Luca Guadagnino has been a director working at the height of his artistic prowess for several years now (in 2024 alone, he released two films both of which are likely to be major awards contenders), but Challengers feels like the culmination of everything he has built towards, a stylish melodrama bristling with eroticism and levity at every turn.

With each frame of this carefully curated visual yearn-fest, Guadagnino obsessively highlights sex and lust without ever showcasing nudity. Each shot captures an essence of innuendo, a fascinating exploration of human bodies at the height of passion.

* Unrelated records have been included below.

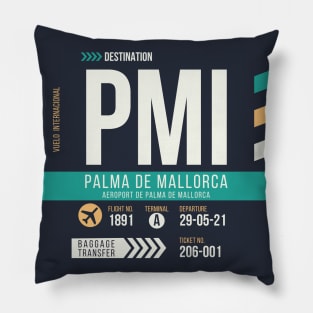 Palma de Mallorca (PMI) Airport Code Baggage Tag Pillow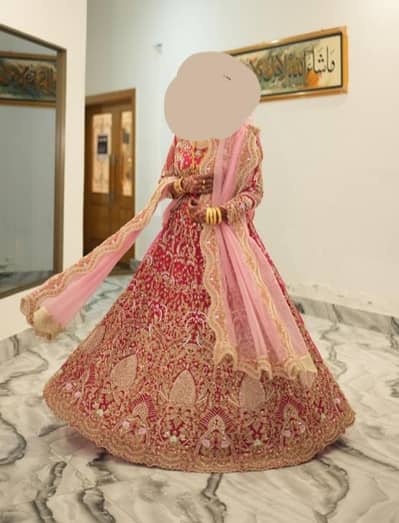Bridal dress/lehenga shocking pink hand embellished with tail dupatta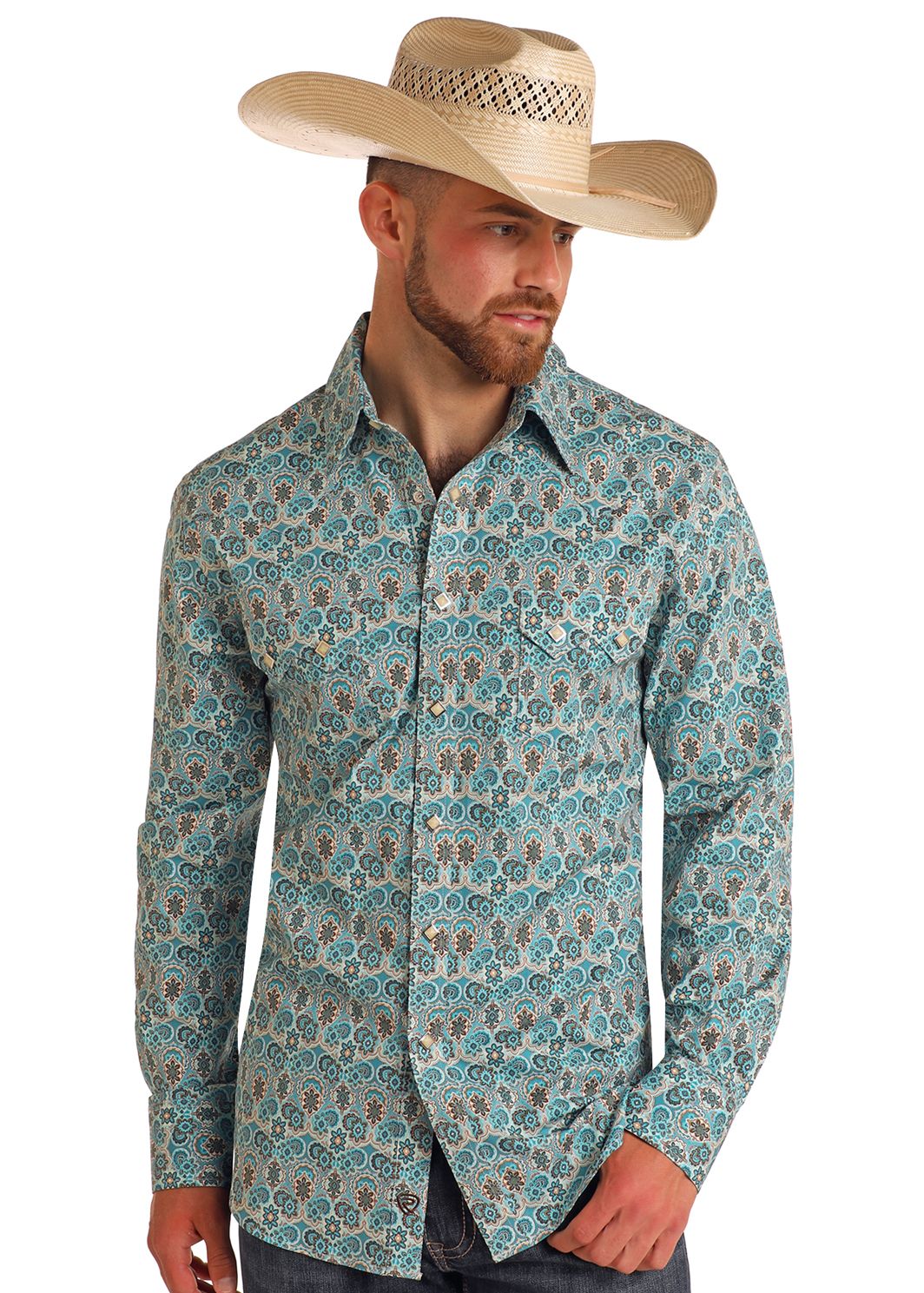 Rock & Roll Mens Long Sleeve Paisley Print BMN2S05851, XS-5X: S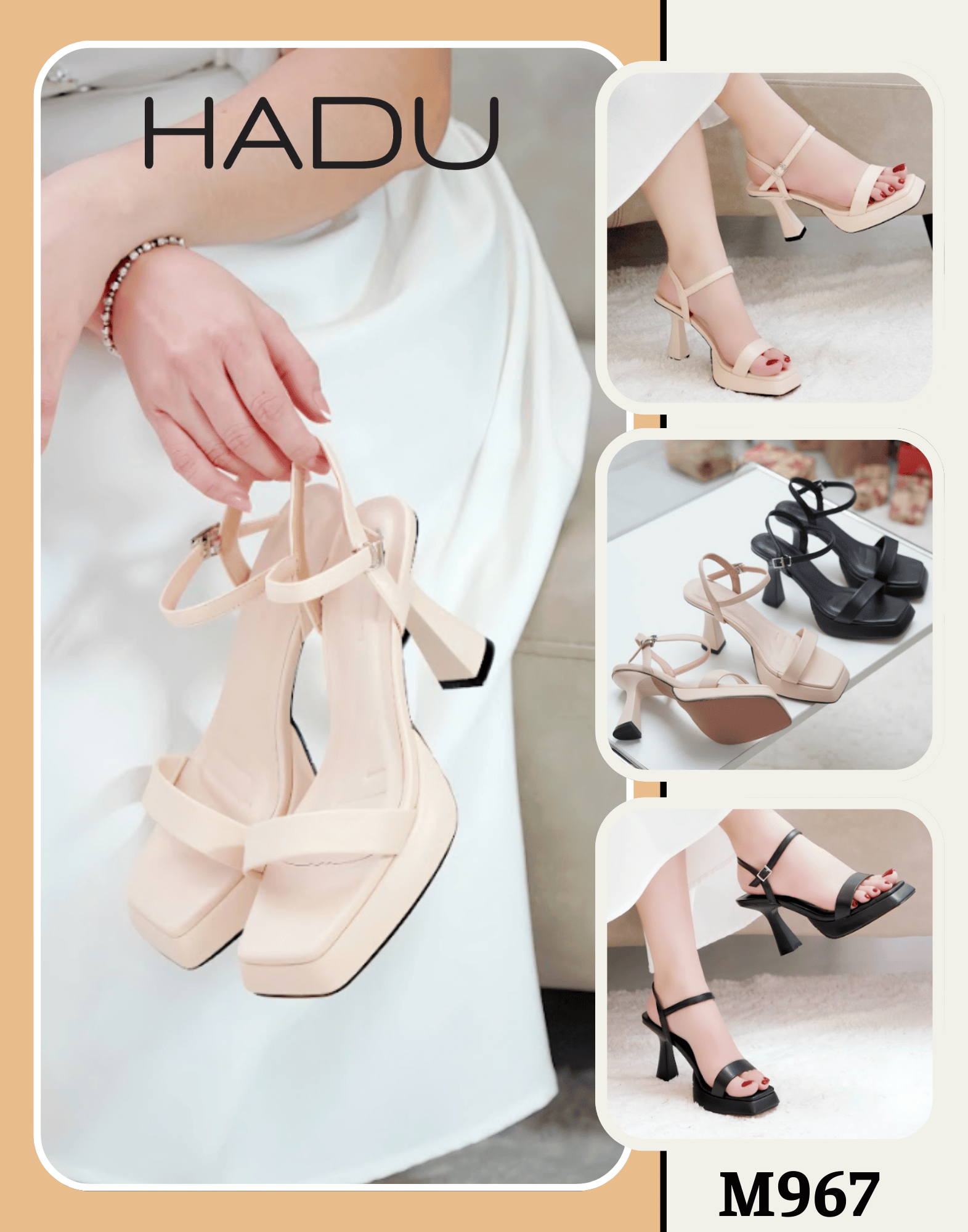 Giày Cao Gót Đế Vuông VENESSA HADU M967
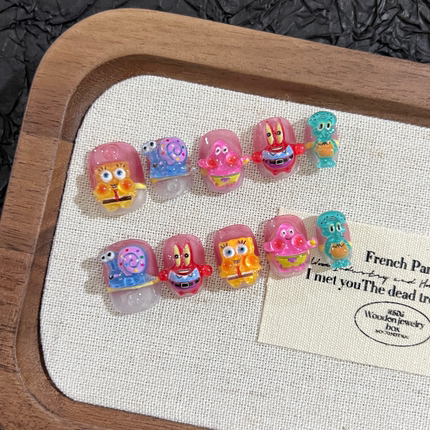 [Handmade] Handmade Spongebob Squarepants and Patrick Star Cartoon Nail Art Custom Short Fake Nails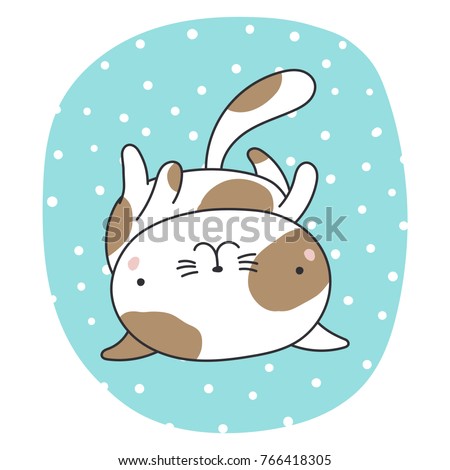 Hand drawn Christmas greeting card with cute funny cartoon cat lying on its back. Isolated objects on white background. Vector illustration. Design concept for kids, winter holidays.
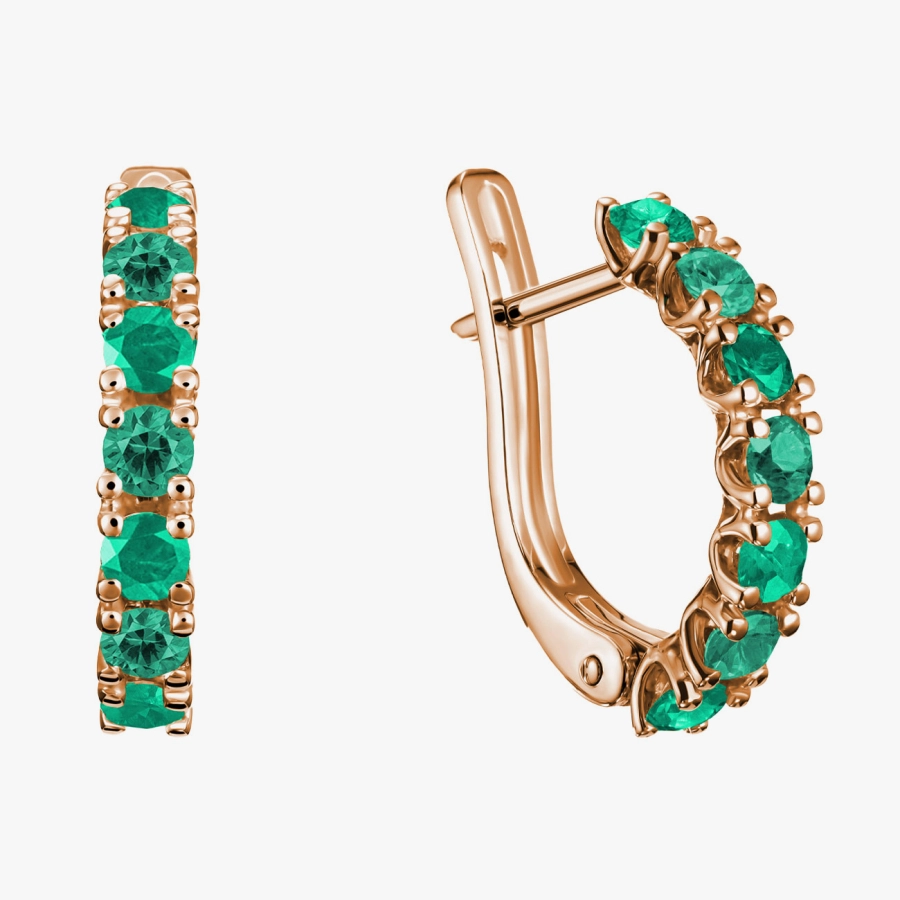 Сережки-півкільця з смарагдами у червоному золоті - С200072.2и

One could argue a sense of self indulgence in the camerawork here, often opting for the most interesting visual in lieu of something that may better serve the story, but big swings in the directorial vision are what make Challengers so much more than just another sports movie. Tennis becomes an allegorical concept for the violent lust of our three protagonists.

The screenplay by Justin Kuritzkes crafts three lovable anti-heroes each fighting through the pomp and frill of tennis and showmanship to capture the love that eternally waits on the other side of the literal and metaphorical net. Patrick, a self-admitted asshole, is perhaps the most honest of the three, always driving towards his goal with acute sincerity if not outright dismissiveness of the consequences.

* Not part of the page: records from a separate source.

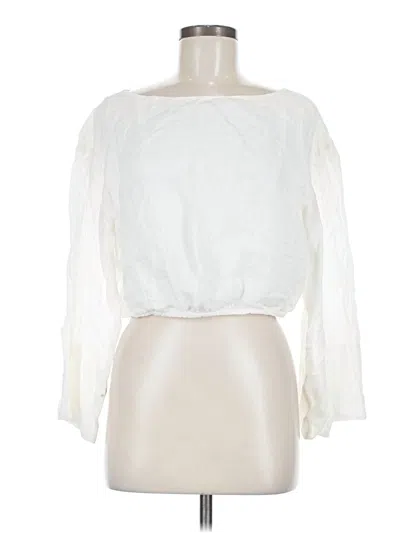 Pre-owned Jcrew 3/4 Sleeve Blouse In White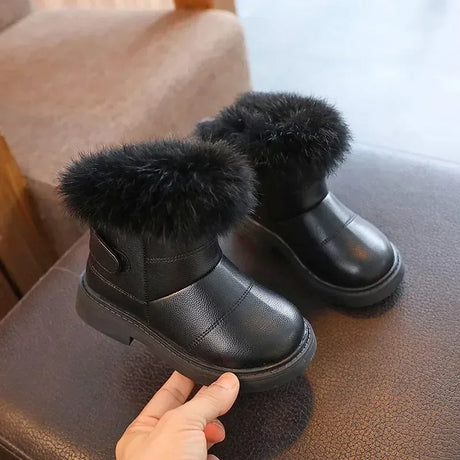 Waterproof Children Winter Ankle Fur Boots with Soft Sole - Omega Lifestyles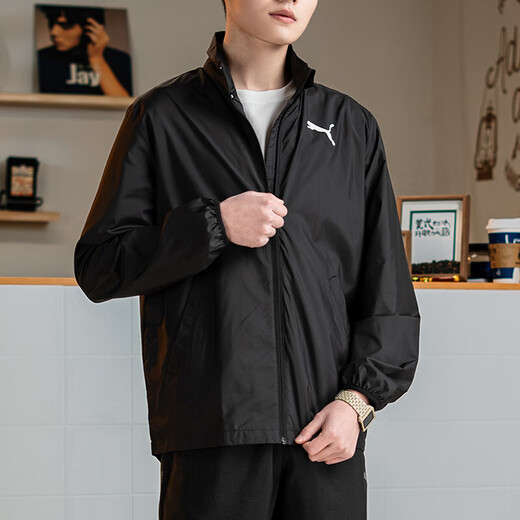 PUMA Jacket Men's Running Fitness Casual Sportswear Outdoor Travel Lightweight Loose Windproof Woven Jacket M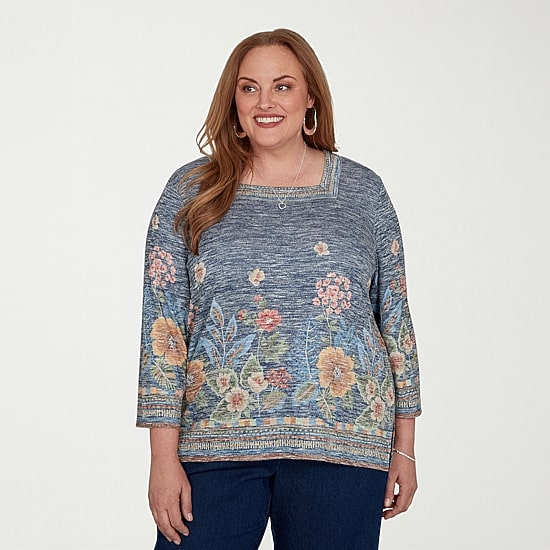 Alfred Dunner Tuscany Womens Plus Square Neck 3/4 Sleeve T-Shirt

Art tactically guides the game of their love triangle to his whims, yet he feels lost in wanting to settle his life and career down but being relegated to playing second fiddle to his wife’s passions.

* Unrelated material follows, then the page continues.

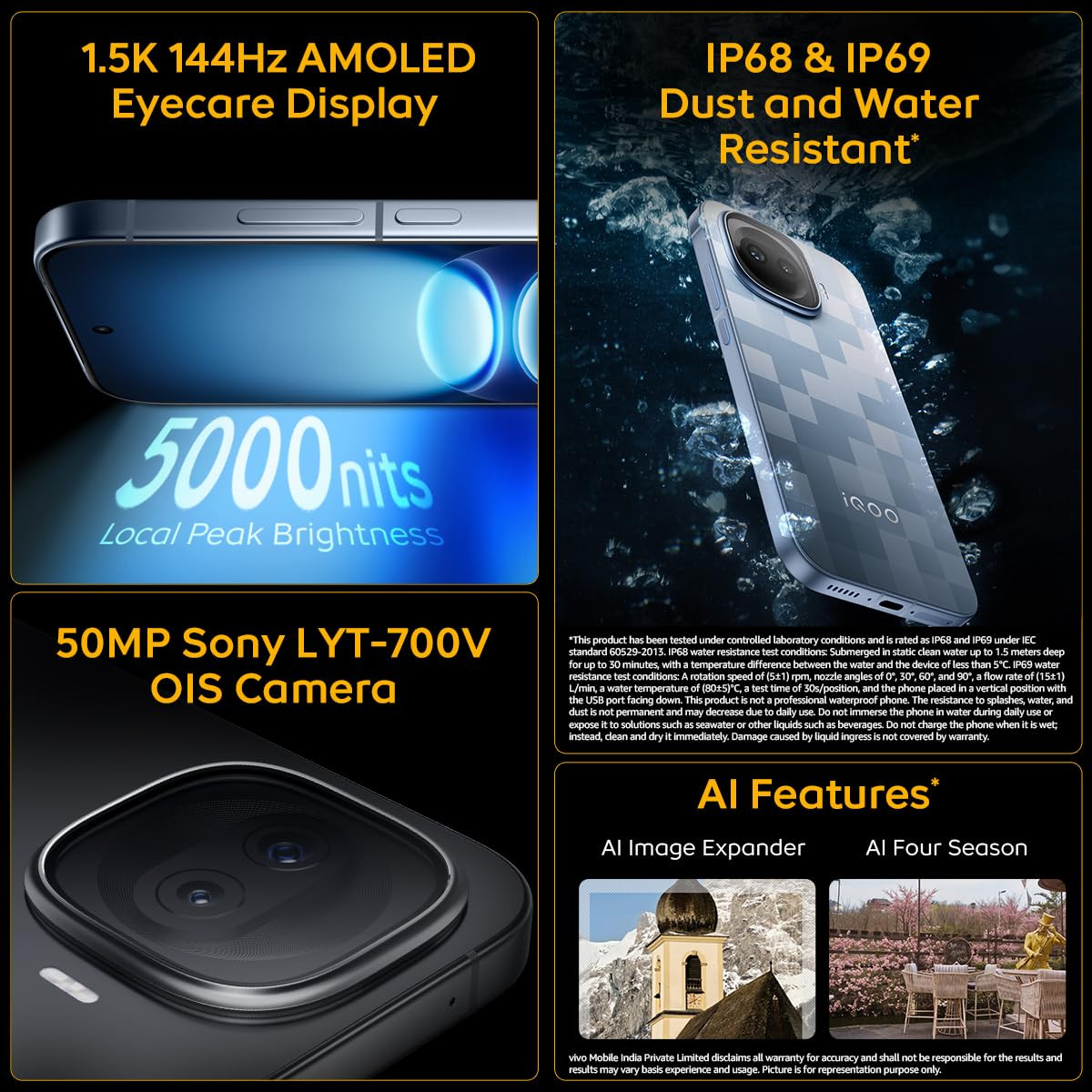iQOO 15R Dark Knight 8GB RAM 256GB Storage Snapdragon 8 Gen 5 Processor Indias Slimmest Smartphone in 7600mAh Battery Segments Most Stable 144FPS Gaming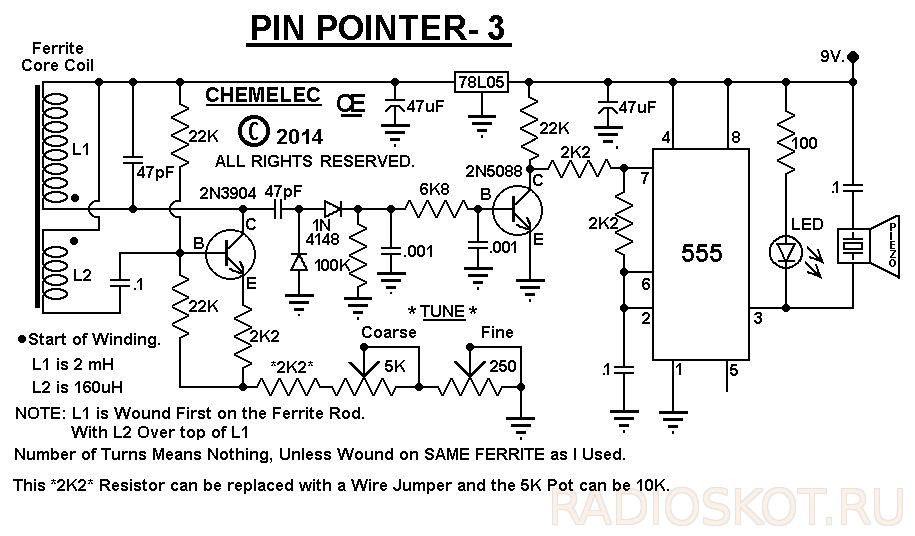 Самодельный пинпоинтер схема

Tashi is all at once the film’s most sympathetic character and its biggest villain, a woman so obsessed over control of her own life that once its stripped from her she has no choice but to find a vessel to live vicariously through, someone who still sees her as more than the promise of the woman she was in order to give purpose to the woman she wishes she could be.

The simplicity of this dynamic can be defined in primitive terms: Patrick wants Art, Art wants Tashi, and Tashi wants tennis (if you read deeper into that basic stating of wants, then you’re right where the film wants you to be). In framing this as the conceit of the story, every action and reaction enacted by these characters comes into focus through propulsive yearning and complicated backstabbing leading to a chaotic, nonlinear narrative that ups the stakes of every game with each subsequent scene.

It’s a masterful screenplay that Guadagnino mines every crevice of for maximum visual, political intrigue between these uniquely flawed and earnest characters. The performances from our three leads are reliably great particularly Josh O’Connor who imbues Patrick with such a breadth of hopefulness as he yearns to bring the band back together and live the glory days of bisexual passion.

The film is punctuated with Trent Reznor and Atticus Ross’s finest score since The Social Network, a series of electronic, synth-heavy compositions that frenetically pulse through each scene in key moments to heighten the thematic correlation between tennis and life for these three challengers.

As someone who grew up with tennis, it came as a shock how easily Guadagnino and company crafted the scenes of the actual sport itself, treating each stroke as a piece of choreography and using a CGI ball to allow Guadagnino and cinematographer Sayombhu Mukdeeprom to maneuver the camera with a series of increasingly stylish flourishes that capture the propulsive feeling of seeing truly great competitive play.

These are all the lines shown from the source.